The Sense of Style: The Thinking Person's Guide to Writing in the 21st Century by Steven Pinker
My rating: 4 of 5 stars
This book provides reference material as well as conceptual information about writing and word usage. The author's message to purists is "Language is always changing, get used to it." Language has been going to hell for a very long time: “According to the English scholar Richard Lloyd-Jones, some of the clay tablets deciphered from ancient Sumerian include complaints about the deteriorating writing skills of the young.”
Pinker provides plenty of details about the nuts and bolts of sentence structure and larger "arcs of coherence" that help readers decode the meaning an author intends.

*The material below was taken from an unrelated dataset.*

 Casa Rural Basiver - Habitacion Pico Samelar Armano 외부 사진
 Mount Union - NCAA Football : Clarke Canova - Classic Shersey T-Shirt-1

My favorite concept from this book is the "zombie noun" a nickname coined by Helen Sword for an unnecessary nominalization that hides the agent of action. "The proliferation of nominalizations in a discursive formation may be an indication of a tendency toward pomposity and abstraction." That translates in plain English to "Writers who overload their sentences with nouns derived from verbs and adjectives tend to sound pompous and abstract."
Since he is exposed to a great deal of academic writing, he explores how knowing a great deal about a subject can make an author the worst possible person to write about it. “The better you know something, the less you remember about how hard it was to learn. The curse of knowledge is the single best explanation I know of why good people write bad prose.”
I also enjoyed his ironic sense of humor. “Unfortunately for cosmic justice, many gifted writers are scoundrels, and many inept ones are the salt of the earth.”